We wanted to be back in Jerusalem for Yom Yerushalayim and Israel's new and only toll road made the motzei Shabbat (Saturday night) drive a breeze.  Yom Yerushalayim (Jerusalem Day) celebrates the reunification of Jerusalem after the 1967 Six Day War.  We enjoyed watching throngs of young people marching with flags, dance and sing down King George Street and of course fireworks at night.  We also went on a tour of the Jerusalem Municipality buildings, which was a fascinating lesson in the history of the buildings, as well as the various characters that ruled and owned land from the mid-1800s until today.  

While Jerusalem is under Israeli control, we continue to pray for the time when it will live up to its name -  “yiru shalem, they shall see peace.”

Yom Yerushalayim street scene

Tuesday, May 1, 2012

Jerusalem's Candy Man

“Never take candy from a stranger.” We drill that lesson into our children from the time they are toddlers. We read about it in Bernstein Bears books and speak about it at preschool. We hear about strangers hiding razor blades in candy. And so we repeat our dire warning: “Never take candy from a stranger. Ever!”


On Yom Ha'atzmaut, Israelis celebrated Independence Day with a day of barbecuing. We headed out to a local park to take in the scene. We sat down on a bench to eat granola bars and jealously breathed in “reiah nikhoah,” the pleasing odor of Jerusalem grills. After a minute or two, an old man shuffled toward us with the help of his cane.  He approached Micah and asked if he could have the large, inflatable hammer Micah was holding. The hammer was a treat Micah received from his generous uncle Aaron at the previous night’s festivities. He had taken it along for the walk to the park. Truthfully, I was more than happy for Micah to give it away -- it would be one less excuse for him to bop his brothers (and parents).

The old man repeated his request to have the hammer and a confused seven year old handed it over with some hesitation. The old man thanked Micah, reached into his pocket and took out a cherry flavored toffee. Amazingly, the other brothers perked up at that moment -- just in time for each of them to receive their special treat.

As the “can-I-eat-it?” chorus erupted and Esther and I glanced that knowing parent, never-take-candy-from-a-stranger glance, the old man lifted his hands and intoned: “Yivarekhekha adonai v’yishmarekha, May the Lord bless you and keep you. May the Lord be gracious unto you. May the Lord show you kindness and grand you peace.” He then mumbled something about the joy that will be felt at Micah’s wedding.

            Are you really going to tell your kids that they can’t eat the candy from an old Jerusalemite man who just blessed them with birkat kohanim? To them, this might just have been Eliyahu Hanavi.

“Yes, you can eat it,” we said.

The man wished us a “hag sameiah” and a “Shabbat Shalom.” And to my dismay, he handed Micah back the large, inflatable hammer. He then shuffled off to prune a nearby rosemary bush -- that he might have a sweet smelling herbs for Shabbat.

“Never take candy from a stranger.” Yes.

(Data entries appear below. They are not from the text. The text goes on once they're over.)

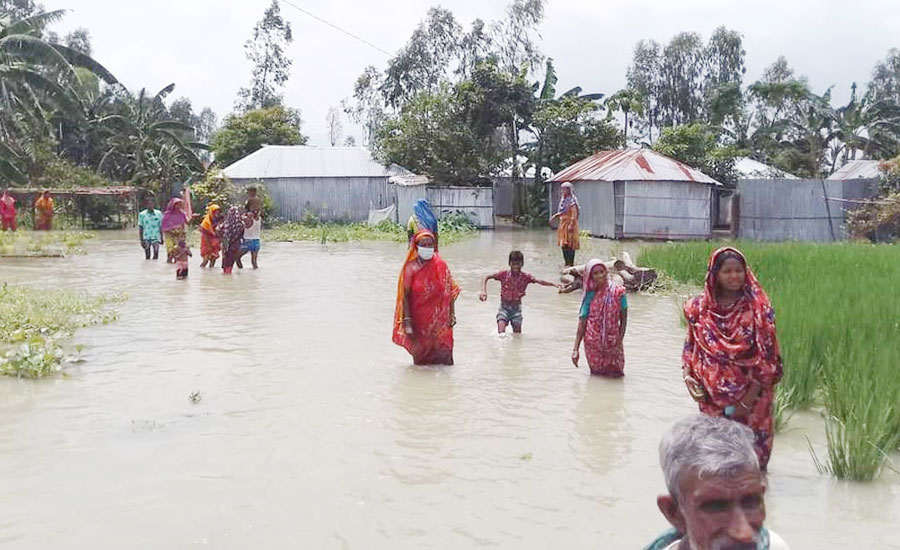 তিস্তায় পানি বৃদ্ধি অব্যাহত, পানিবন্দি শতাধিক গ্রামের মানুষ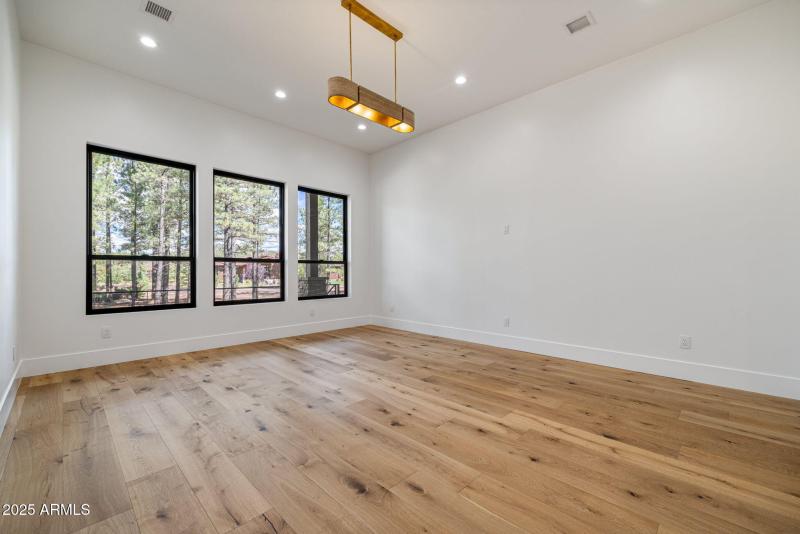 Large Bonus / Game Room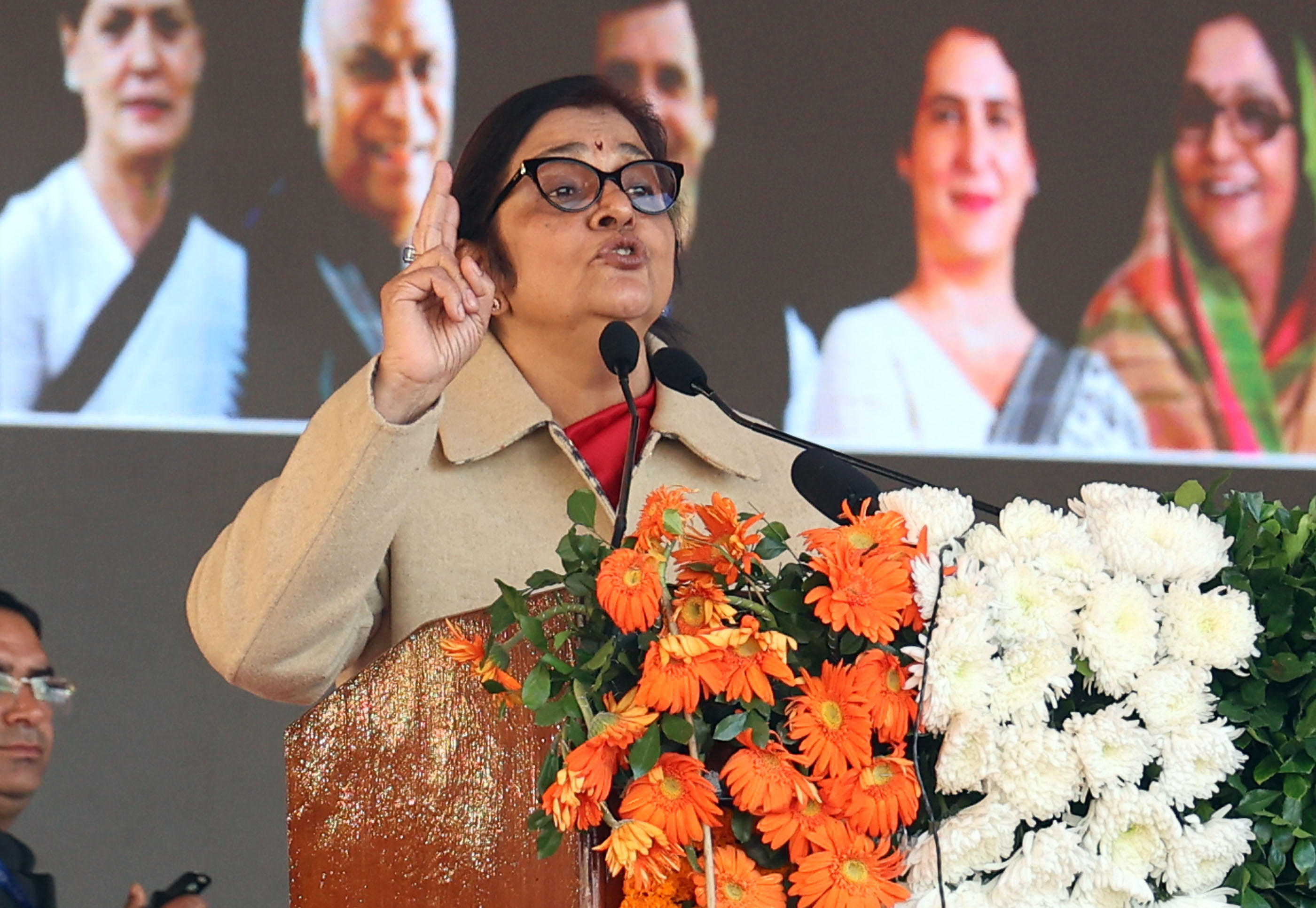 रैली कीे संबोधित करते हुए रजनी पाटिल. रैली कीे संबोधित करते हुए रजनी पाटिल.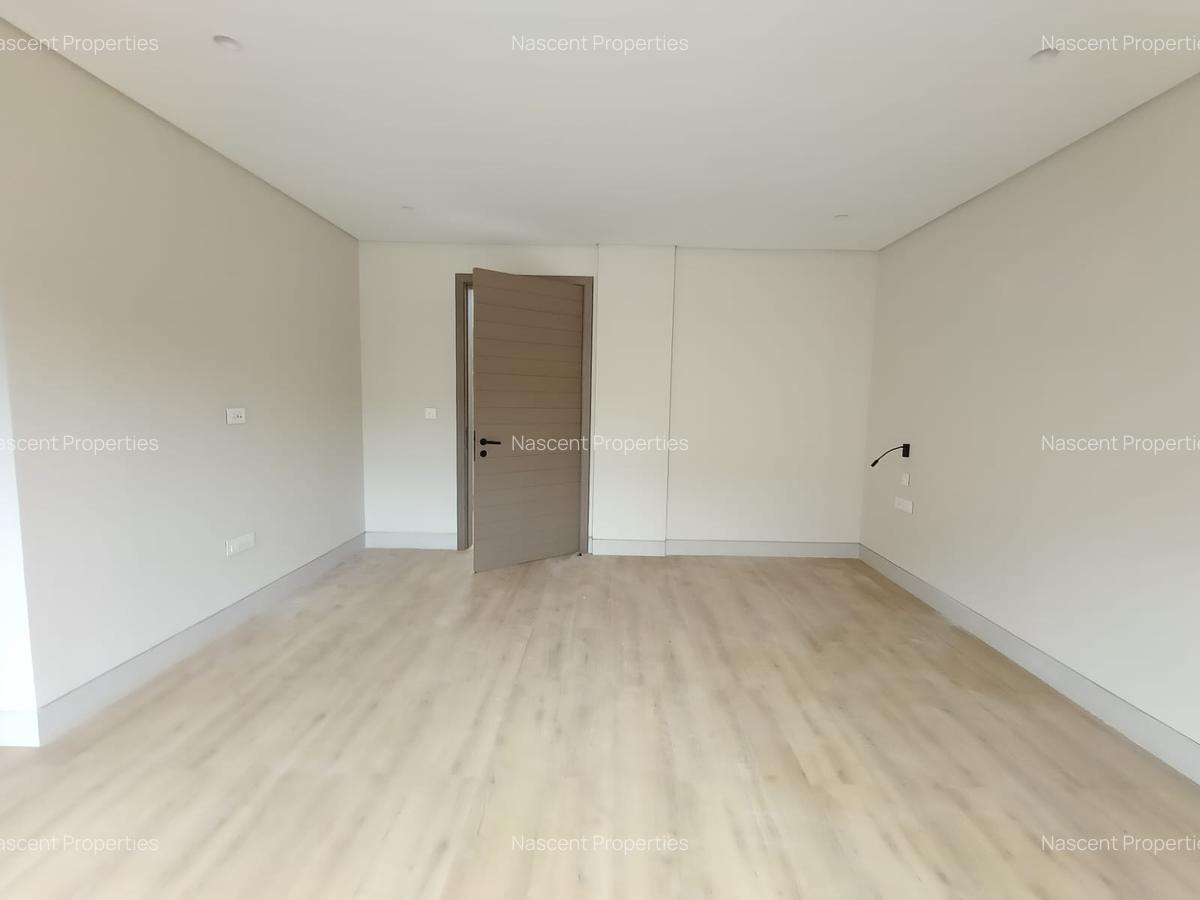 5 Bed Villa with En Suite in Kyuna - 15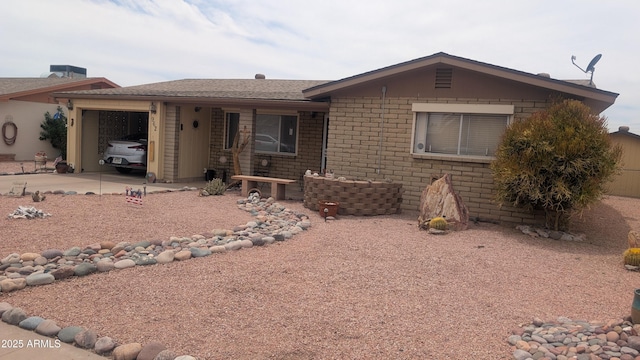 962 S Main Dr, Apache Junction, AZ 85120 - ranch-style home featuring an attached garage, brick siding, and concrete driveway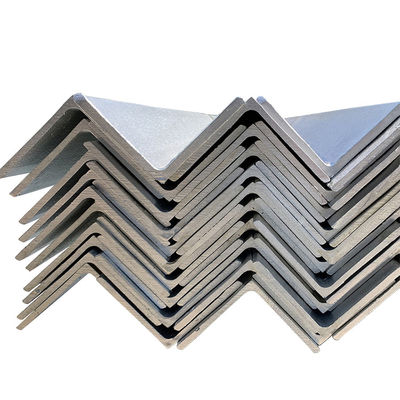 kwaliteit  Basics Low Price Q235 Q235B Soft Hot Rolled Carbon Steel S235jr Equal Angle Iron fabriek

But as our siddur reminds us, “haverim kol Yisrael,” there are no strangers among Jews. We are family.  And in special places like the Holy City of Jerusalem, strangers offer sweet words of prayer with the candy they give away.

Micah, Amichai and Koby resting during our Yom Ha'atzmaut neighborhood stroll.  Treasured inflatable hammer is being held by Amichai

Yom Ha'atzmaut ceremony at the elementary school.

Yonah and Amichai at one of our local parks.